Il signor Claudio Ranieri: l’uomo che ha saputo restituire al calcio la dignità di sport_di Giuseppe Melis
Diciamoci la verità, sembrava un’impresa impossibile, anche a lui, nonostante il ruolo gli imponesse di mandare messaggi positivi sia verso l’interno che all’esterno della società. Se non fosse stato così non avrebbe pianto a singhiozzi come un bambino al fischio finale dell’arbitro Guida. Tutti, nessuno escluso attribuiamo a lui il maggior merito di questo risultato, sperato ma dall’esito incerto fino a quel fatidico 94° minuto in cui due dei suoi giocatori più criticati dal pubblico, Leonardo Pavoletti e Gabriele Zappa, hanno confezionato la magistrale azione del goal della vittoria.

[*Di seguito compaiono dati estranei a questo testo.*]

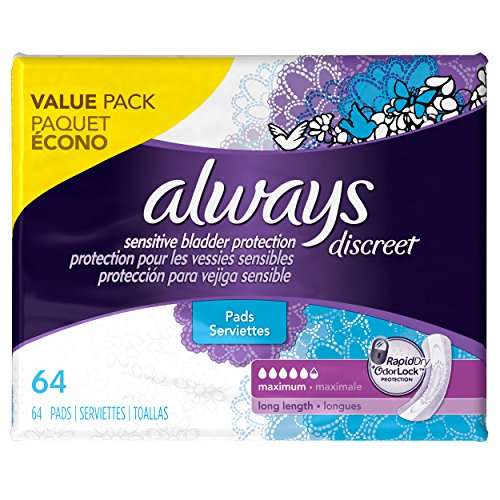 0772195073359 - ALWAYS DISCREET, INCONTINENCE PADS, MAXIMUM, LONG LENGTH, 64 COUNT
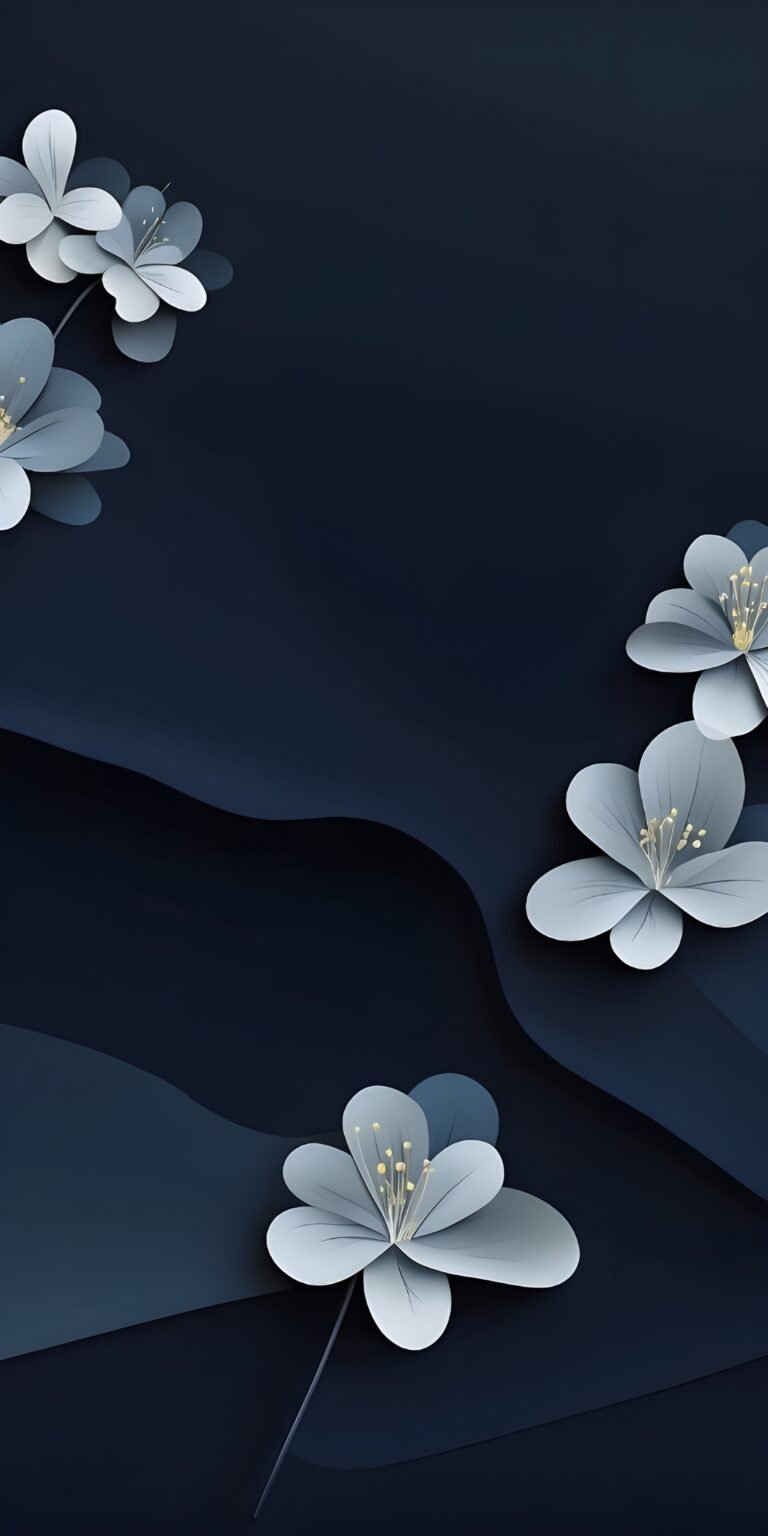 White Flower with Blue Wallpaper for Phone, Black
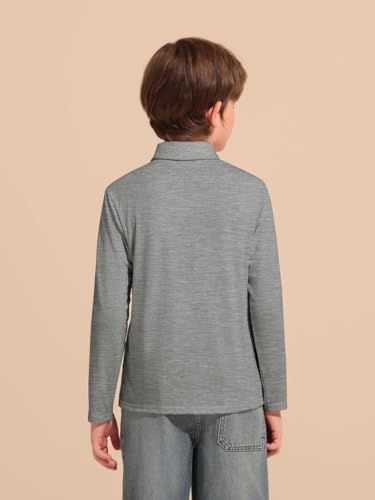 Image of Haloumoning Boys Long Sleeve Polo Shirts Kids Casual Button School Uniform Shirts with Chest Pocket 5-14 Years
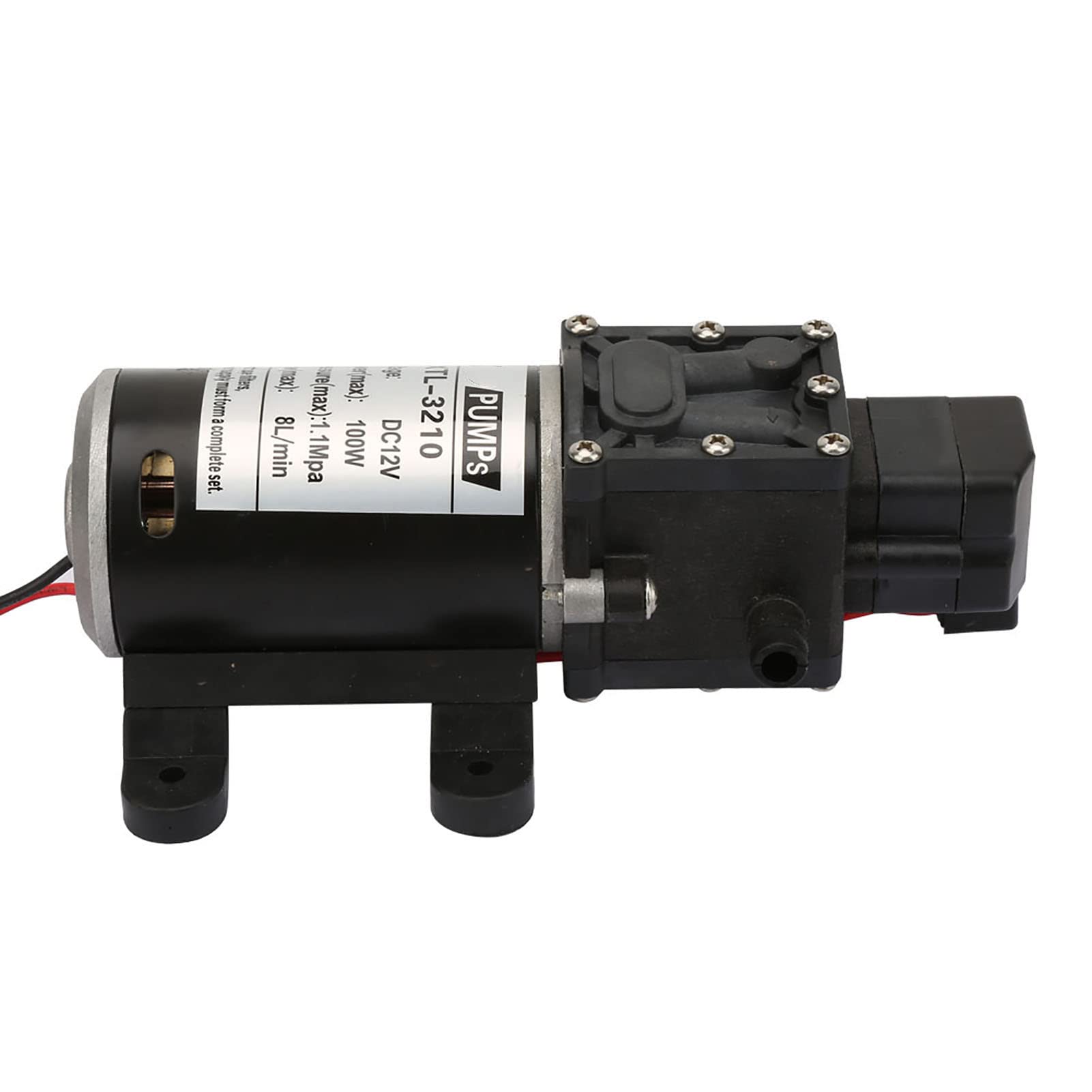 3210YA 12 100 Pompa Acqua a Membrana, Pompa Acqua Autoadescante da 100 W con Pressostato, Pompa a Membrana Elettrica per Attrezzature Industriali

Dobbiamo però riconoscere tutti indistintamente che se anche non fosse arrivato il goal della vittoria, i tifosi del Casteddu sarebbero stati ugualmente contenti, come è facile dimostrare leggendo i tanti post nei social network nei quali, già dopo la partita di Cagliari conclusasi con un deludente pareggio, si è ringraziato il mister per quel che ha saputo fare in appena 6 mesi: restituire fiducia e dignità a un ambiente depresso, non solo e non tanto per i tanti mancati risultati sportivi ma per come essi erano maturati per almeno tre anni fino a quel momento.

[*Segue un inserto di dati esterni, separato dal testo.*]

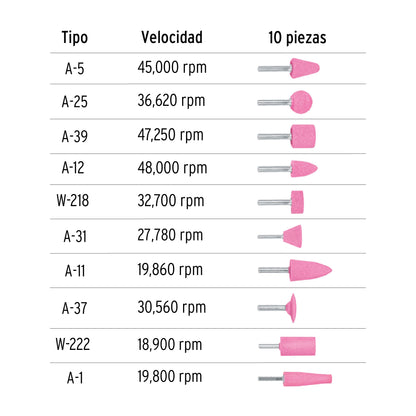 Juego de 10 piedras montadas zanco 14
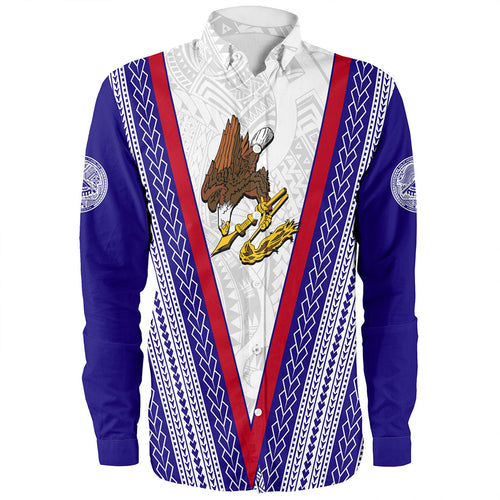 American Samoa Long Sleeve Shirt Polynesian Tribal Flag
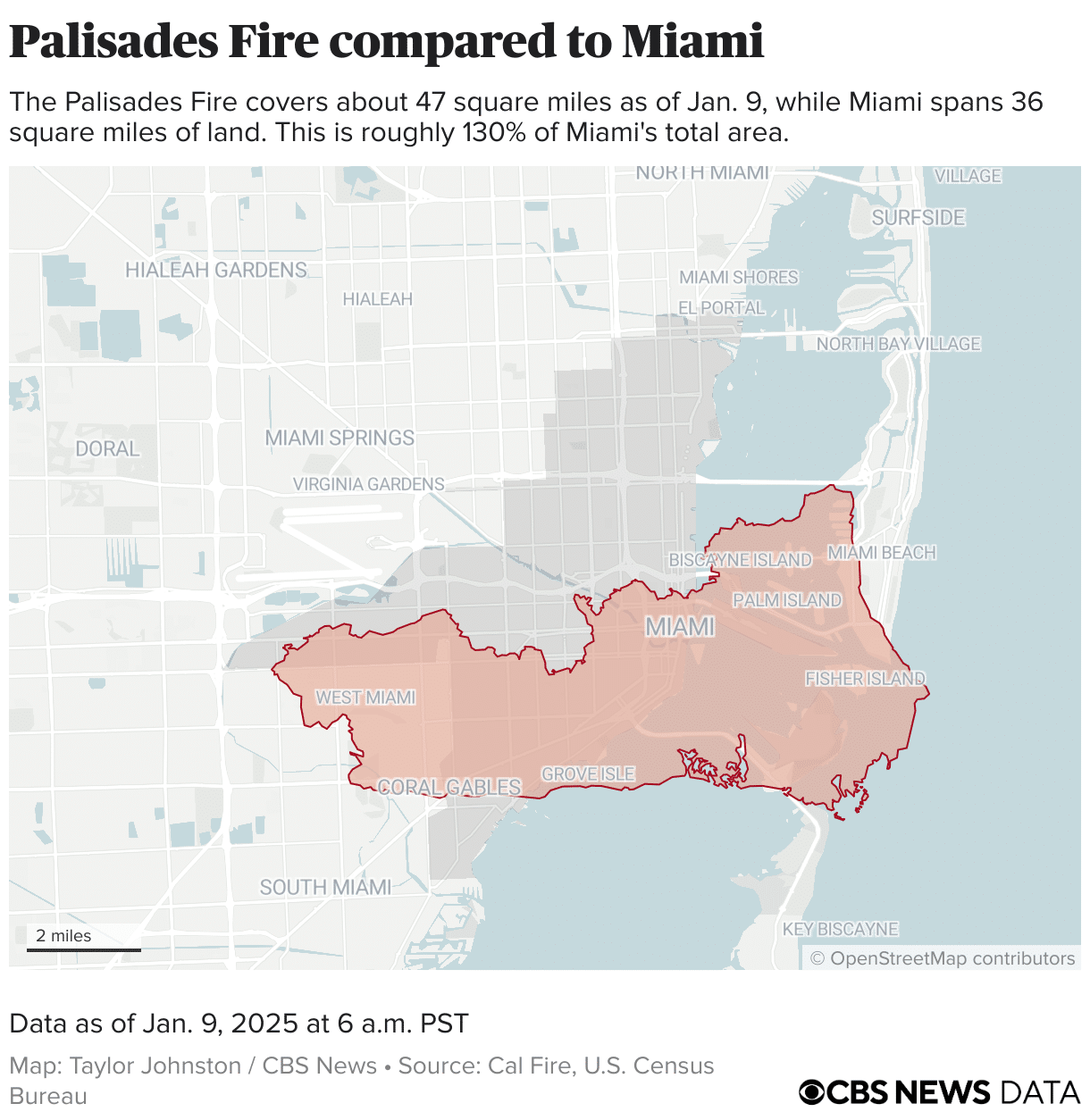 Perimeter of the Palisades Fire placed on Miami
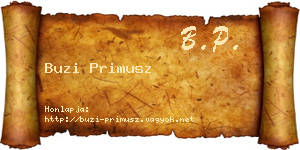 Buzi Primusz névjegykártya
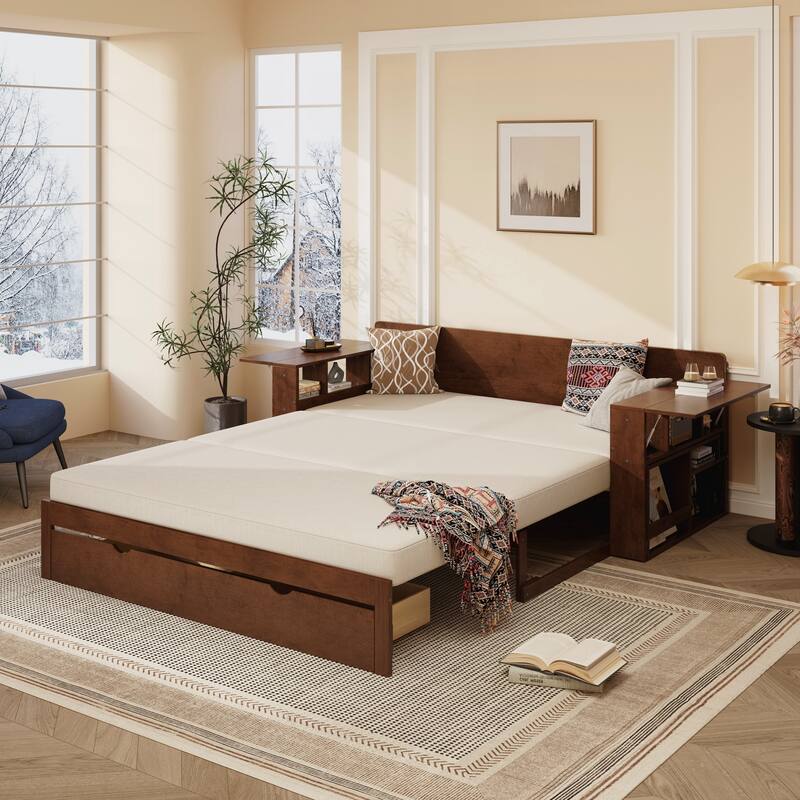 Queen Size Daybed with Removable Desk, Storage Drawers & Hydraulic Side Table - Espresso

Sacrificio, umiltà, sobrietà, rispetto, sono tutte parole d’ordine che fanno parte del quotidiano vocabolario di questo signore romano nato nel quartiere di Testaccio che ha mietuto successi in tante piazze europee, anche dai nomi altisonanti. La grandezza dell’uomo, a dispetto dei titoloni di giornali che, anche oggi, lo qualificano come “re”, è invece proprio quella dell’essere un “Signore”, sir Claudio, come scrivono correttamente gli inglesi che misurano la qualità di una persona dal suo essere Signore, senza bisogno di ricorrere a titoli che in qualche caso, come quello di re, sarebbero persino offensivi per uno come lui. La gente non ha bisogno di re, vuole avere a che fare con persone schiette, oneste, che sappiano vivere e soffrire come tutti, che sappiano piangere e gioire per ciò che si è e per l’impegno profuso nell’adempimento delle proprie mansioni e ruoli.

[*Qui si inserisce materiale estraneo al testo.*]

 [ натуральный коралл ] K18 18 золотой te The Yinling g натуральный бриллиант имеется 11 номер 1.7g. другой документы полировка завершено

Ecco perché in un mondo nel quale il calcio è diventato altra cosa rispetto allo sport, dove soprattutto in questi mesi i sardi e tanti italiani hanno toccato con mano come l’interesse per il potere e per il denaro hanno portato negli anni talune società, soprattutto blasonate, a giustificare qualsiasi mezzo per vincere, a dispetto della lealtà che dovrebbe essere il principio cardine di uno sport, Claudio Ranieri emerge prepotentemente come l’antidivo per eccellenza. Non è un caso che i successi più belli del signor Claudio Ranieri siano quelli conquistati con squadre come Leicester e il Casteddu. Questa promozione del Casteddu in serie A è una parentesi felice in un mondo, quello del calcio, che dovrebbe essere rivoltato dalla base nella riscrittura delle regole che lo presiedono per riportarlo alla natura di evento sportivo. Regole che sono certo mister Ranieri approverebbe: budget uguale per tutte le squadre, tetto massimo agli ingaggi dei giocatori, numero massimo di giocatori tesserabili e senza prestiti, periodi ristretti di calcio mercato e al di fuori di quelli in cui si gioca. Solo in questo modo il calcio può tornare a essere uno sport.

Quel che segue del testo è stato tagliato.